Glaneurs de rêves, publié en 1992 en Amérique, vient de paraître en traduction française. Même s’il est antérieur à Just Kids, il semble en être en quelque sorte l’aboutissement, une version épurée et condensée des observations incluses dans le récit new-yorkais de Patti Smith. On trouve, par exemple, dans chacun de ces deux livres, un portrait de Sam Shepard – elle a eu une liaison avec l’acteur et dramaturge dans les années soixante –, mais celui de Glaneurs de rêves, qui figure dans le chapitre intitulé « Les vérités du cow-boy », procède d’un dessein plus abstrait, où l’auteur de L’Ouest, le vrai devient l’archétype de tous les cowboys, l’absolu de cette figure iconique : « Détendu, sous le ciel, il médite sur tout et rien. La nature du travail. La nature de l’oisiveté et le ciel lui-même avec ses masses qui se gonflent si près qu’on pourrait attraper un nuage au lasso pour y poser sa tête ou s’en remplir le ventre. Saucer les haricots et la sauce brune avec un morceau de viande de nuage, et s’allonger pour une petite sieste. Quelle vie ! »

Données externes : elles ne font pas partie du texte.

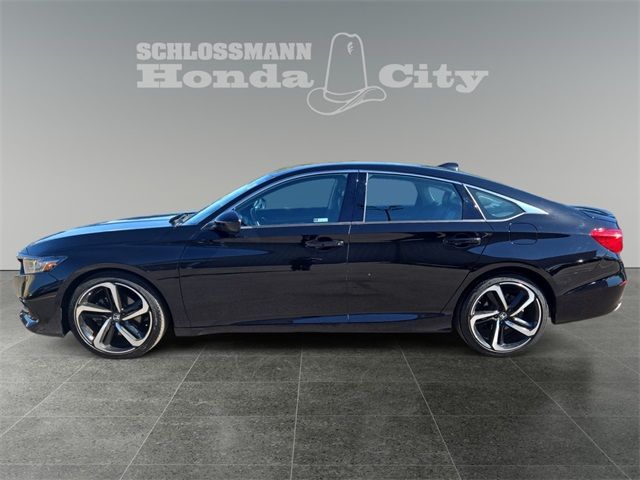 2022 Honda Accord Sport SE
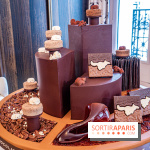 Chocolats et oeufs de Pâques de la Maison du Chocolat 2022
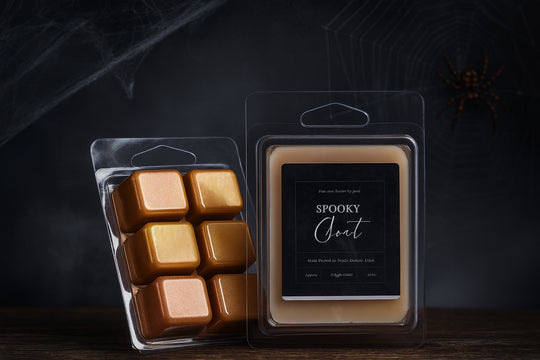 Halloween Soy Wax Melt Bundle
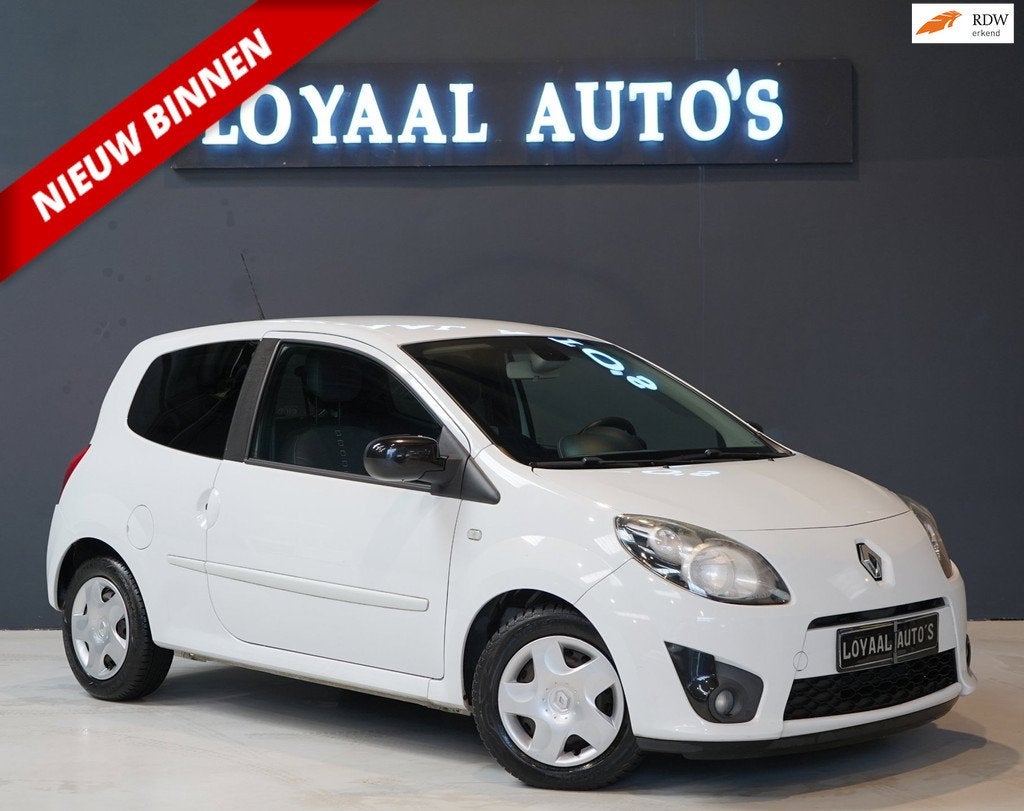 Renault Twingo 1.2-16V Dynamique 1e eigenaar | AIRCO | CRUIS, Auto's, Renault, Bedrijf, Te koop, Twingo, ABS, Airbags, Airconditioning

Le génie de Patti Smith réside dans son aptitude à considérer la nature avec le regard d’un enfant, à percevoir un univers animé par des forces mystérieuses et vivantes. Les nuages sont comme des bœufs, ils broutent dans le ciel en attendant d’être capturés et ingérés par l’homme. Les champs de l’enfance de Patti étaient eux aussi remplis d’êtres irréels et puissants, et ils le sont toujours dans ce récit qui transporte le lecteur dans un passé qui n’a jamais cessé d’exister : « Par certaines nuits spécialement claires, il m’arrivait de voir du mouvement dans les herbes. Au début, je pensais que c’était l’envol de la chouette effraie ou les grandes ailes pâles d’un papillon lune qui se déployaient et se repliaient tel un habit médiéval. Mais j’ai compris une nuit que c’étaient des êtres comme je n’en avais jamais vu, vêtus d’étranges costumes et de coiffes archaïques. »

Peut-être est-ce là ce que j’avais ressenti en écoutant Because the Night dans ma chambre universitaire, il y a plus de trente-cinq ans. Une sexualité intense et surnaturelle ? La promesse que l’amour réunirait luxure, sacrifice et résurrection – celle-ci renvoyant au titre de l’album, Easter (« Pâques ») ? La passion hétérosexuelle pourrait-elle ressembler à une photographie de Mapplethorpe, à la fois consensuelle, violente et tendre ? J’ignore toujours si, le temps d’une séance d’enregistrement, Patti Smith et Bruce Springsteen se sont appartenu l’un à l’autre ; en revanche, je peux affirmer aujourd’hui sans hésitation que j’appartiens à Patti.